I.     Statement of the Case

      This matter is before the Authority on exceptions to an award of Arbitrator Hyman Cohen filed by the Agency under § 7122(a) of the Federal Service Labor-Management Relations Statute (the Statute) and part 2425 of the Authority's Regulations. The Union filed an opposition to the Agency's exceptions.

      The Arbitrator found that the Agency failed to prove that it had just cause to reprimand the grievant, and he sustained the grievance. The Arbitrator also found that a settlement agreement between the Agency and the grievant was invalid. For the following reasons, we set aside the portion of the award regarding the settlement agreement, and we deny the remaining exceptions.

II.     Background and Arbitrator's Award

      In 2001, the grievant was admonished for failing to wear a tie on several occasions. The grievant and the Agency entered into a settlement agreement, in which the Agency agreed to rescind the admonishment and the grievant agreed that any future failure to abide by the dress code would result in a reprimand.

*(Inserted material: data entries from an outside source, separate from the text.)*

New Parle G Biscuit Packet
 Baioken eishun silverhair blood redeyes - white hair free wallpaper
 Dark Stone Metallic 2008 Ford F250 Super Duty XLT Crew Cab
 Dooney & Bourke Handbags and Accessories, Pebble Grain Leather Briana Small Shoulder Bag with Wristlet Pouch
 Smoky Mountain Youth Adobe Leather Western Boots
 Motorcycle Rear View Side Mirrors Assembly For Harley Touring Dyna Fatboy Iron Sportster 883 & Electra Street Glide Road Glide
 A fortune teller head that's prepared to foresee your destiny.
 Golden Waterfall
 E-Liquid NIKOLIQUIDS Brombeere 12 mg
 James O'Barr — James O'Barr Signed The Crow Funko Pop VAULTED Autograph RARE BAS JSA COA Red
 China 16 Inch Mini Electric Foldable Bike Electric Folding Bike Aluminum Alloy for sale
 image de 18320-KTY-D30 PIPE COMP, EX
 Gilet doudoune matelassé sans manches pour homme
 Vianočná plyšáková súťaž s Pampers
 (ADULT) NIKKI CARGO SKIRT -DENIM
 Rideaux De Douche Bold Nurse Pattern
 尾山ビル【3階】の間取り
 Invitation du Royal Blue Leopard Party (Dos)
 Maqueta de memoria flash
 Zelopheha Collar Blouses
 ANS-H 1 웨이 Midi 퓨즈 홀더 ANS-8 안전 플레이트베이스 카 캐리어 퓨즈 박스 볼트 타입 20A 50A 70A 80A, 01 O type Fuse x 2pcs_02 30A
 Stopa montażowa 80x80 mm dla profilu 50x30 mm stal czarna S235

      In 2002, in the incident at issue here, a team coach observed the grievant not wearing a tie in his work area and reported this to the grievant's supervisor. Although the grievant claimed that he was on his lunch break at the time, the Agency reprimanded him.

      A grievance was filed, which was unresolved and was submitted to arbitration. The Arbitrator stated the issue as "whether the disciplinary action of reprimand issued by the Agency to the Grievant was for `just and sufficient cause' as provided in Article 13, Section 1 of the Labor Agreement;[ [n2] ] if not, what is the remedy to be awarded." Award at 5.

      The Arbitrator found that the team coach's testimony was both internally "contradictory" and inconsistent with a Report of Contact written by the supervisor. Id. at 12. According to the Arbitrator, the supervisor's testimony was "confusing, inconsistent, and, in general, seriously deficient with respect to essential details with respect to what he knew of the past problems that the Grievant had with the Agency's dress policy[,]" and conflicted with the supervisor's testimony with regard to whether visitors normally enter the area in which the grievant works. Id. at 14. The Arbitrator found that, under the parties' agreement, "the Agency failed to carry its burden of proof" that it had just cause to reprimand the grievant. Id. at 15. The Arbitrator stated that this conclusion "does not mean that the Grievant did not violate the Agency's dress code policy," but that "the Agency failed to prove by clear and convincing evidence that the Grievant was disciplined for just and sufficient cause." Id.

      The Arbitrator also found that the 2001 settlement agreement violated Article 1, Section 3 of the parties' agreement. [n3]  Id. at 17. In this connection, the Arbitrator found that the Agency "is required by law and the Labor Agreement to bargain with [the Union] in good faith[,]" and as it "bypassed" the Union when it entered into the [ v60 p18 ] settlement agreement with the grievant, that agreement is "unenforceable." Id.

      Accordingly, the Arbitrator sustained the grievance.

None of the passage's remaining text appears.